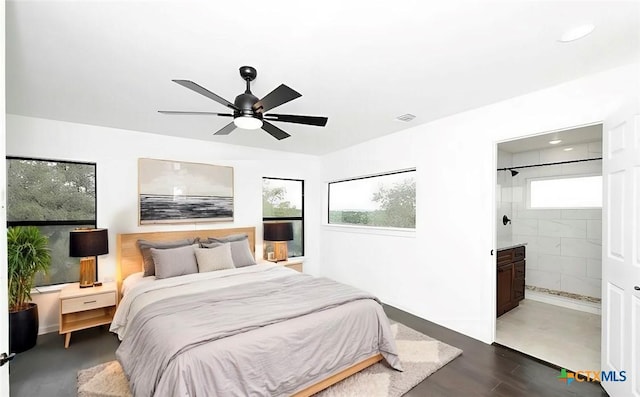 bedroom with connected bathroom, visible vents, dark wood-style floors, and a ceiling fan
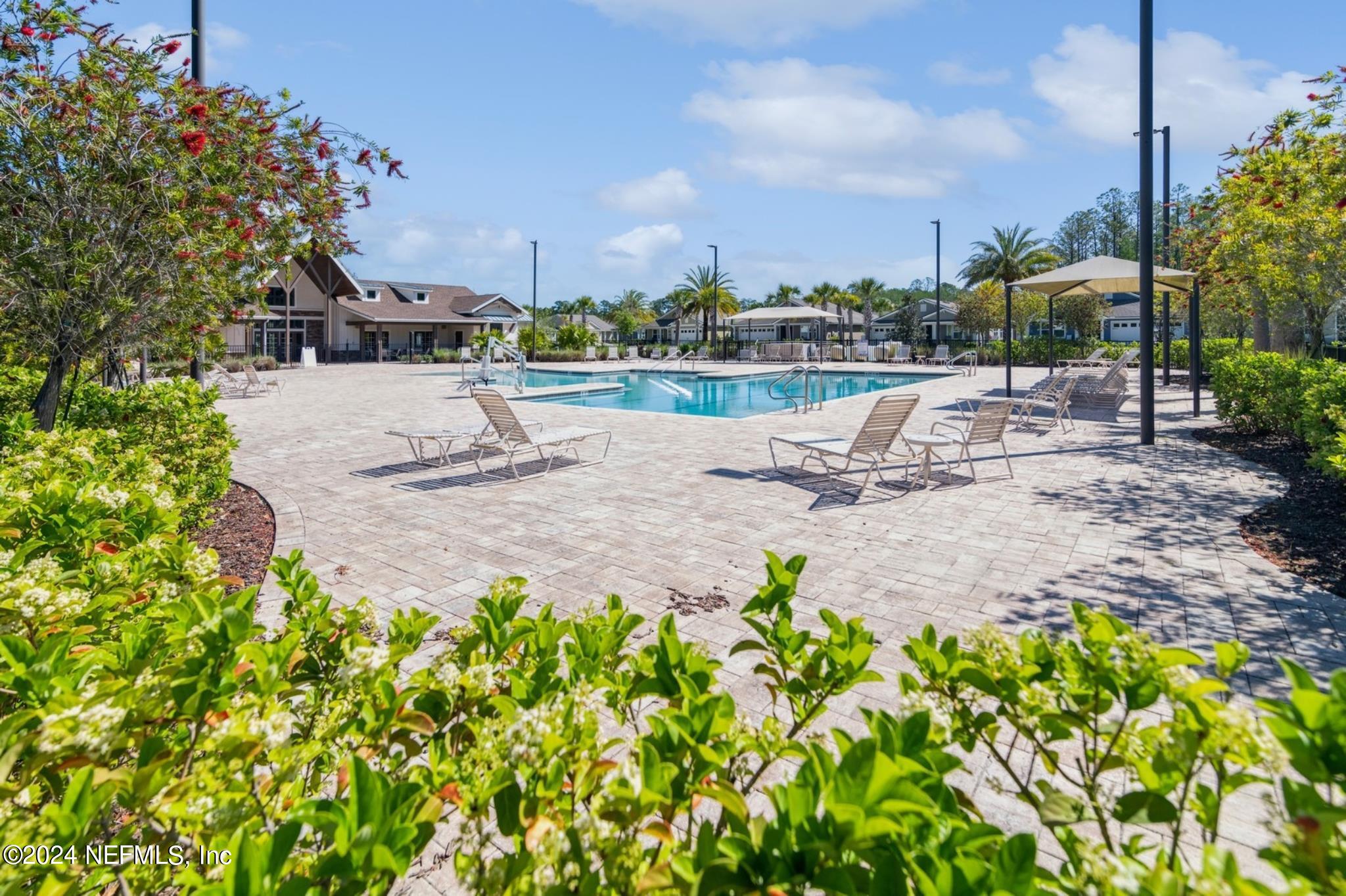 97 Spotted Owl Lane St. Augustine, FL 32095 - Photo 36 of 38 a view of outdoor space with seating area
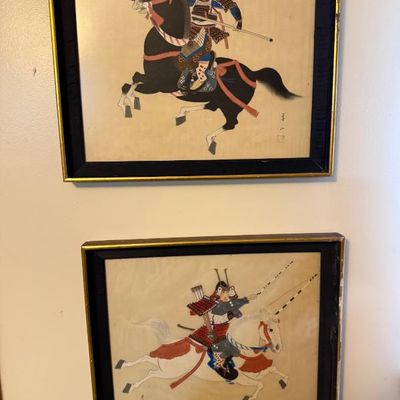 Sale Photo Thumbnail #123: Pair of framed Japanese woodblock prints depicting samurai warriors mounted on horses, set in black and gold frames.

### What the exercise asks
Transcribe the whole listing exactly but exclude images.

### Exercise answer
 bedroom with connected bathroom, visible vents, dark wood-style floors, and a ceiling fan
 97 Spotted Owl Lane St. Augustine, FL 32095 - Photo 36 of 38 a view of outdoor space with seating area
 Sale Photo Thumbnail #123: Pair of framed Japanese woodblock prints depicting samurai warriors mounted on horses, set in black and gold frames.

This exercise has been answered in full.